Closer to home it appears that I have snared some of my readers, once again, with one of my occasional dalliances into pesce d’aprile. That is what the Italians call it but most of us know it as April Fools’ Day. For those of you that were so astounded at that rare encounter with the Indigo Bunting, let’s just say it was more of a rare encounter of the foolish kind than a bird kind.
There is no specialized flap on an Indigo’s chest nor is there a bug known as the Weaver. As my hippie generation used to say, it was all just a fig of my imaj. A good practical April Fool’s joke is a craftily woven tale of fact and fiction and is designed to create a believable story that our so well-informed world is supposedly unaware of.
There are hundreds of examples of this type of tomfoolery that have been “pulled off” through the last few decades, most of which were harmless. It used to be that the prank had to occur sometime before noon on the first of April but through the years liberties have been taken. My first encounter with the broadening of this rule was when I read in a March issue of the reputable Discover Magazine about “hot-headed naked ice borers in Antarctica. Depicted as hellish looking creatures that tunneled in the ice, they reportedly used their body heat to melt the ice under penguins so that it collapsed and they quickly overcame the helpless creatures. Only their inedible feet could be found afterwards. Because of the magazines unquestionable authenticity I went for that one, hook, line and sinker. The revelation that it was bunk, revealed in the April issue, left me feeling rather foolish but likewise inspired to venture into the world of crafting a story, mostly false, that the readers would swallow. Hook, line and sinker.
Perhaps inadvertently there is another message created here. One that speaks to verification and fact checking, something woefully lacking in today’s world. It has led to some of the wildest and most disturbing beliefs imaginable. We have learned that some social media sites have been manipulated to reinforce often offensive beliefs on various situations. I won’t point fingers specifically here but we all have encountered these dumfounding conspiracy theories.

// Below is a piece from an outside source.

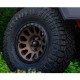 Jante aluminium 4x4 FUEL D600 Vector Matte Bronze/Black Bead Ring • 18"x9" • 5x150 • CB110.1 • ET20 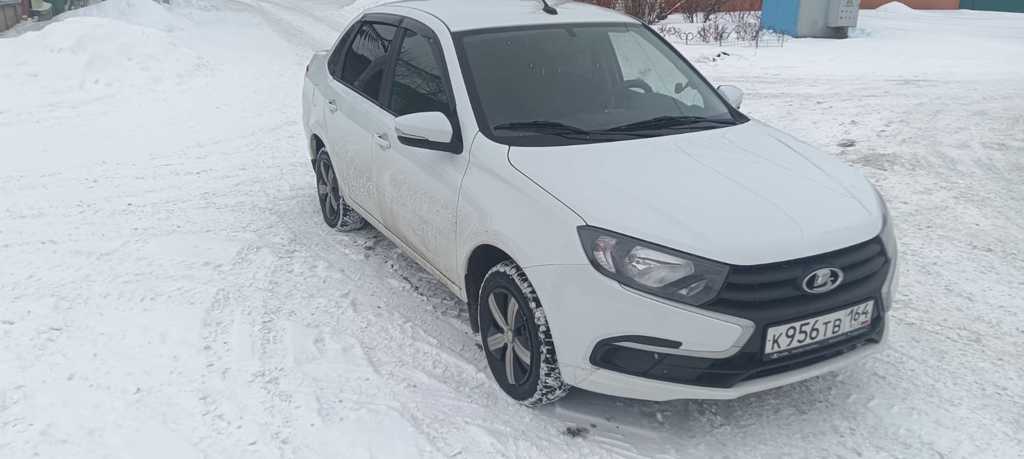 ВАЗ (LADA) Granta I рестайлинг, 2022 год, 600 000 рублей, 1 фотография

My history of pranksterism is most likely a result of heredity and the environment I was raised in. Principally it comes from my mother, who for all intents and purposes, felt that an April Fools-type prank could happen any day of the year. On April 1st, around our house, the mantra was “beware and be wary.” Her creativity and unpredictability were legendary, whether it was a mouse trap in my lunch bucket or her waiting with a sheet over her head as I tried to sneak into the house past my curfew. One of my most endearing memories was her trick of leaning the wooden ironing board up against the bathroom door while one of us was inside. Most times ,on opening the door , one could not react fast enough to catch the board as it fell forward , resulting in a backwards toppling to the floor clutching that board whilst hollering out loud. Practical jokes, within reason, put spice in our lives and we could use more of them these days.